# WHAT IS REQUIRED
Once the images are removed, repeat all of the entries exactly.

# DATA SUPPLIED
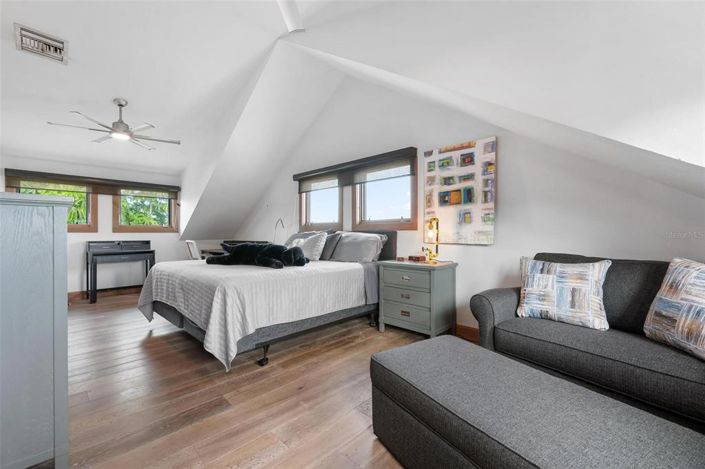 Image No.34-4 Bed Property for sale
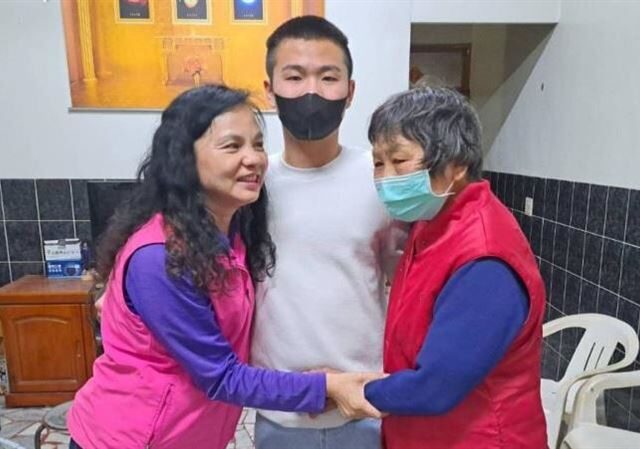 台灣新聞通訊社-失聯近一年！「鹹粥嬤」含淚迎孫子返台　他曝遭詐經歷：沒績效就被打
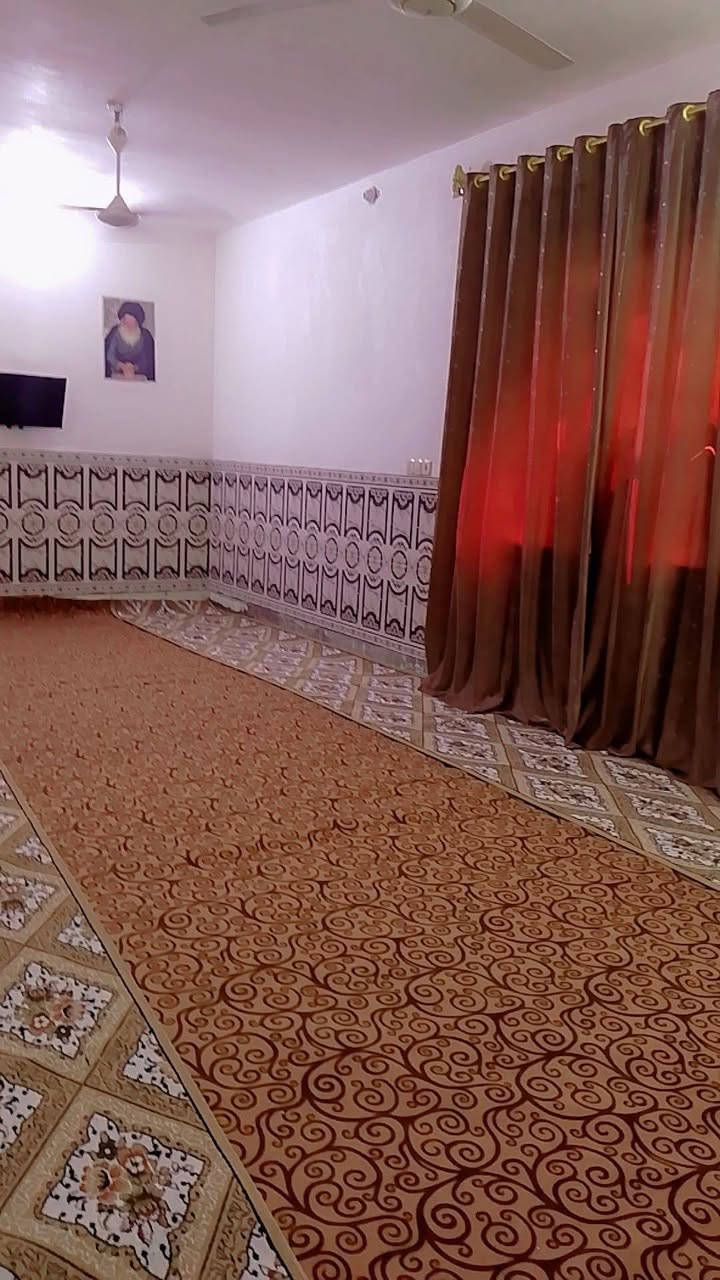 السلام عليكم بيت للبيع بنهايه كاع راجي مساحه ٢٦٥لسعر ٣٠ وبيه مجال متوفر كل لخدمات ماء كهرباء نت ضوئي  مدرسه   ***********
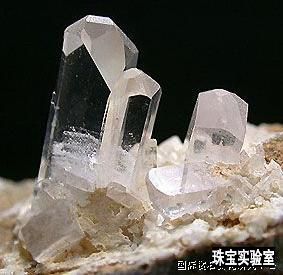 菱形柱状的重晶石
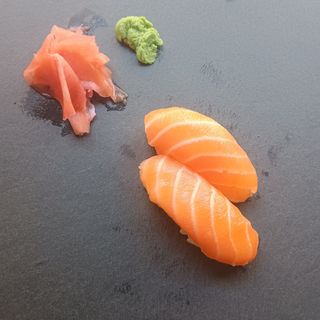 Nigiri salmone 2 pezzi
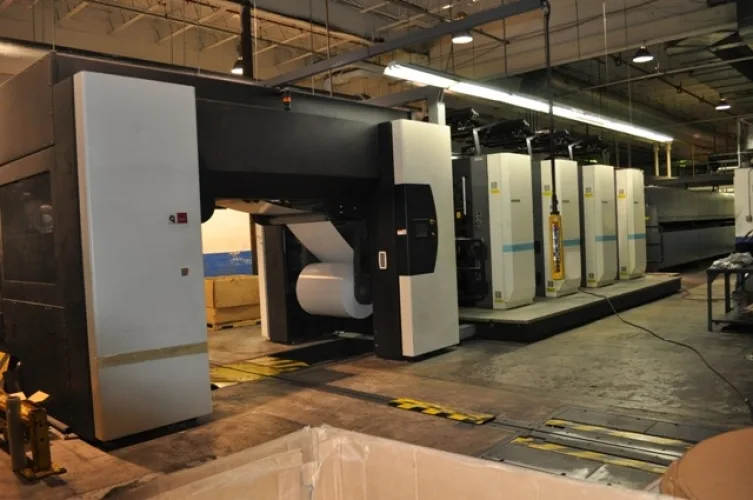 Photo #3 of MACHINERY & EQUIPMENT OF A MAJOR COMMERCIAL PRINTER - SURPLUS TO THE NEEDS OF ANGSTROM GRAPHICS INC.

# RESPONSE AREA
 Image No.34-4 Bed Property for sale
 台灣新聞通訊社-失聯近一年！「鹹粥嬤」含淚迎孫子返台　他曝遭詐經歷：沒績效就被打
 السلام عليكم بيت للبيع بنهايه كاع راجي مساحه ٢٦٥لسعر ٣٠ وبيه مجال متوفر كل لخدمات ماء كهرباء نت ضوئي  مدرسه   ***********
 菱形柱状的重晶石
 Nigiri salmone 2 pezzi
 Photo #3 of MACHINERY & EQUIPMENT OF A MAJOR COMMERCIAL PRINTER - SURPLUS TO THE NEEDS OF ANGSTROM GRAPHICS INC.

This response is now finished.